From the first line of the records down to the one that holds "天博电竞官网确认参展 | 深圳秋糖·品饮汇创新饮料展 天博电竞官网确认参展", transcribe each line exactly and add nothing.

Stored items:
= = = = =

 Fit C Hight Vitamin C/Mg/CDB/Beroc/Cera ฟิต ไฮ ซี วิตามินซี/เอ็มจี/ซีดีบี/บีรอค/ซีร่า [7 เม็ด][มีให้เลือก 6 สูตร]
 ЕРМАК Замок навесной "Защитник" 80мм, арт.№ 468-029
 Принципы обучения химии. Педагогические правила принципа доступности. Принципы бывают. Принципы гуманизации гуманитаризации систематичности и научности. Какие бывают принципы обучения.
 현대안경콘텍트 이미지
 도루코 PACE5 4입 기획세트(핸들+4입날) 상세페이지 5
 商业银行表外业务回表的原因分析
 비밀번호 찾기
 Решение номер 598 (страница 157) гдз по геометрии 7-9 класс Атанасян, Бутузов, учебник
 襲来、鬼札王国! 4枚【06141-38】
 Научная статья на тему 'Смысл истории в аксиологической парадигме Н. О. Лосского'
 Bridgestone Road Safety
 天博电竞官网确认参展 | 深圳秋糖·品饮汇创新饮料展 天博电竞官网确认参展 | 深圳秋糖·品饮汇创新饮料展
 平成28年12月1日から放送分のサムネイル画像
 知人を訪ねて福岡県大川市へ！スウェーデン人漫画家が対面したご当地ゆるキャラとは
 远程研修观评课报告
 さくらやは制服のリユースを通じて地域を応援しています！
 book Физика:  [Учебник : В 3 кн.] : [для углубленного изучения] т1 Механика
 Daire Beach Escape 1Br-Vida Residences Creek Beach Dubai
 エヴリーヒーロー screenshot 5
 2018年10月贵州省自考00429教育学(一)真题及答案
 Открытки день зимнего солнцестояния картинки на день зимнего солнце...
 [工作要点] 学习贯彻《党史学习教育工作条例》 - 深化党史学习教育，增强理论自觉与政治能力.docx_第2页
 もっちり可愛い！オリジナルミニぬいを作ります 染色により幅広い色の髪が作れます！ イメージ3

= = = = =

> **Answer space**:
 Fit C Hight Vitamin C/Mg/CDB/Beroc/Cera ฟิต ไฮ ซี วิตามินซี/เอ็มจี/ซีดีบี/บีรอค/ซีร่า [7 เม็ด][มีให้เลือก 6 สูตร]
 ЕРМАК Замок навесной "Защитник" 80мм, арт.№ 468-029
 Принципы обучения химии. Педагогические правила принципа доступности. Принципы бывают. Принципы гуманизации гуманитаризации систематичности и научности. Какие бывают принципы обучения.
 현대안경콘텍트 이미지
 도루코 PACE5 4입 기획세트(핸들+4입날) 상세페이지 5
 商业银行表外业务回表的原因分析
 비밀번호 찾기
 Решение номер 598 (страница 157) гдз по геометрии 7-9 класс Атанасян, Бутузов, учебник
 襲来、鬼札王国! 4枚【06141-38】
 Научная статья на тему 'Смысл истории в аксиологической парадигме Н. О. Лосского'
 Bridgestone Road Safety
 天博电竞官网确认参展 | 深圳秋糖·品饮汇创新饮料展 天博电竞官网确认参展 | 深圳秋糖·品饮汇创新饮料展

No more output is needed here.